By: Dick Morris & Eileen McGann
President Barack Obama has taken the United States one more giant step towards socialism by ramming through the Senate his financial regulation bill.
The bill authorizes the secretary of the Treasury — a political appointee — to seize any financial company (bank or nonbank) simply because, in his opinion, it is too big to fail and in danger of insolvency.
This power can be used for political retribution, pressure for campaign funding, or any other abuse bureaucratic whim or partisan politics can conceive. It is a power Fidel Castro or Hugo Chavez would love to have!
The legislation also requires that any business that extends credit, in any form, to clear the loan instrument in advance with the new consumer protection agency. The backlog of pending applications will strangle consumer credit.
And the bill fails to do the one thing it must do — regulate derivatives and make them transparent. Senator Chris Dodd, D-Conn., bowed to pressure from his sponsors on Wall Street and deleted the regulatory provision and set up a commission to study the situation for two years!

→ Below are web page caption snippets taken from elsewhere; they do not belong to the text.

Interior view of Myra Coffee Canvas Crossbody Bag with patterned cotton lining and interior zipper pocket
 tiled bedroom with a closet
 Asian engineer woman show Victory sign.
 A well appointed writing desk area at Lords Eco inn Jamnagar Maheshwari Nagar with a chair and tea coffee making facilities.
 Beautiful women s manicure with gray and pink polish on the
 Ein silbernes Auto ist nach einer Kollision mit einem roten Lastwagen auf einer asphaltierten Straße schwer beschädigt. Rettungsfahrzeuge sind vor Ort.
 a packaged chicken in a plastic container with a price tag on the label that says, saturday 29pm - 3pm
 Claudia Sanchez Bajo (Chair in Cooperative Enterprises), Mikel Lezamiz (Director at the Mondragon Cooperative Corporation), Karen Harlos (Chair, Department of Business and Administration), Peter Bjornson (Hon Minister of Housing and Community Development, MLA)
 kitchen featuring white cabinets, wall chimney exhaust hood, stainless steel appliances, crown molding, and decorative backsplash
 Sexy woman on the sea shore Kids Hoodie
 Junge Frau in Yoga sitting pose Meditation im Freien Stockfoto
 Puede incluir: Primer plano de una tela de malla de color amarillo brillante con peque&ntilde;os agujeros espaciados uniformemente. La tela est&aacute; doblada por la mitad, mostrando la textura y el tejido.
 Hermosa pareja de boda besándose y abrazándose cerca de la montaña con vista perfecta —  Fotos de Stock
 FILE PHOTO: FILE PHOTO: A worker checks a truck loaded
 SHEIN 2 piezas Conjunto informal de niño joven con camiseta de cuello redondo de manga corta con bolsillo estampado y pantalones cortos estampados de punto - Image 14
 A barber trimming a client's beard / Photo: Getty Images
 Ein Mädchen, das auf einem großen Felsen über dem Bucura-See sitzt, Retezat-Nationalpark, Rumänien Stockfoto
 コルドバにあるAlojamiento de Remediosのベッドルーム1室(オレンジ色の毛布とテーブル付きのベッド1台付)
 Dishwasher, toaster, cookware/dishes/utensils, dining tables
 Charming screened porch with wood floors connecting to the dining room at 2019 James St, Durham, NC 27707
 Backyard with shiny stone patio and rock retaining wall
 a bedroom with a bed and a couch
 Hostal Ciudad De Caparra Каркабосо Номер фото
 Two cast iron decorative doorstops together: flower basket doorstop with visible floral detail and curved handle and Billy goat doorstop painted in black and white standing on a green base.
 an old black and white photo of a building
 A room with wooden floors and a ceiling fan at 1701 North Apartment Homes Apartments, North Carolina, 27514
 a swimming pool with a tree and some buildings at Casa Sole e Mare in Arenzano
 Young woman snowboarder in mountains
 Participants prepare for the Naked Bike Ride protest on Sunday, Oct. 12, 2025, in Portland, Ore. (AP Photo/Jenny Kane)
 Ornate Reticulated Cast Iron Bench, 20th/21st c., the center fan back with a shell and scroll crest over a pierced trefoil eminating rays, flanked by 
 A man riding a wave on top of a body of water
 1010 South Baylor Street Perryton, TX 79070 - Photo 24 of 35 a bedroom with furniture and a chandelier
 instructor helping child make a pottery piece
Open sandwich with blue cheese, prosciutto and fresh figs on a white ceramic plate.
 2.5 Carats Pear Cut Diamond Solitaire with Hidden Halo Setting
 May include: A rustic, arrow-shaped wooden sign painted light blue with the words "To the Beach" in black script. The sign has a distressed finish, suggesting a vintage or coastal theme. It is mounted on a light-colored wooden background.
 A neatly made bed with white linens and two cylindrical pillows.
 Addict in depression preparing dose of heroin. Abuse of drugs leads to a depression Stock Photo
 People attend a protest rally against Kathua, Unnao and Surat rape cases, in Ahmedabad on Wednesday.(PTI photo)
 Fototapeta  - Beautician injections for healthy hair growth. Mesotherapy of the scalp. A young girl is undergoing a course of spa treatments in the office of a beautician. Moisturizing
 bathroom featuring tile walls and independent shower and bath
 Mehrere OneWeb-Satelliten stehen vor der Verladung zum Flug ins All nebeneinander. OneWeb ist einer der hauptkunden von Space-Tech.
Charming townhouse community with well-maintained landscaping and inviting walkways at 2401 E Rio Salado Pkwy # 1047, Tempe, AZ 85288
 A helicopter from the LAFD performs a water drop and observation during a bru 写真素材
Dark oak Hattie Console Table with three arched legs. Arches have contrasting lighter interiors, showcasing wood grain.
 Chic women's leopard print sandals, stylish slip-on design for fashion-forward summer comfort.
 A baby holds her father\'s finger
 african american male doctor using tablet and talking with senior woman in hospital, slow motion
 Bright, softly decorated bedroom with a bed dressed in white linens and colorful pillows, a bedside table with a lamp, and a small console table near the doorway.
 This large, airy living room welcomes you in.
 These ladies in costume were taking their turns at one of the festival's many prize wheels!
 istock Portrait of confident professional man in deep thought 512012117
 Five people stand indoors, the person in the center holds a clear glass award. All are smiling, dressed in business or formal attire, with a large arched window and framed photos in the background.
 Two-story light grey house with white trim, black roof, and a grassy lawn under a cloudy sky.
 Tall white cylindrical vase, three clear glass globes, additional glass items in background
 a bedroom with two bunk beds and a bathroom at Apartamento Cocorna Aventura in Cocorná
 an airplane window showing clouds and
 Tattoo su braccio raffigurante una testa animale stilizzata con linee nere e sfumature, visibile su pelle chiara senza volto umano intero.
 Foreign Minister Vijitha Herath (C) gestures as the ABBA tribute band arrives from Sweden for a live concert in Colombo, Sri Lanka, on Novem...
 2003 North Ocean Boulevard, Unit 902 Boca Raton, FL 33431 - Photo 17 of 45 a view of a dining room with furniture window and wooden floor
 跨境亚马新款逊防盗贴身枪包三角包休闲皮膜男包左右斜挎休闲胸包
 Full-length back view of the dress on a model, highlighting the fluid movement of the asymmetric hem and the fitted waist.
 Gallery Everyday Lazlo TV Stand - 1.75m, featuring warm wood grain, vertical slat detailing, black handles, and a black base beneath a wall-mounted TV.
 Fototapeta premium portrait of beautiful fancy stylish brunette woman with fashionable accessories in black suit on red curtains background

Sen. Maria Cantwell, D-Wash., protested the cop-out with a no vote against the legislation.
So how did it pass?
Four Republicans sold out, that´s how!
Among the RINOs were, of course, Susan Collins and Olympia Snow of Maine. But, surprisingly, Scott Brown, R Mass., the newly elected Massachusetts miracle defected as did the normally stalwart Chuck Grassley, R-Iowa.
Now the federal government has effectively taken over about one-third of our national economy by passing Obamacare and regulatory reform in almost the same breath.
Repealing this regulatory travesty must be high on our 2011 agenda!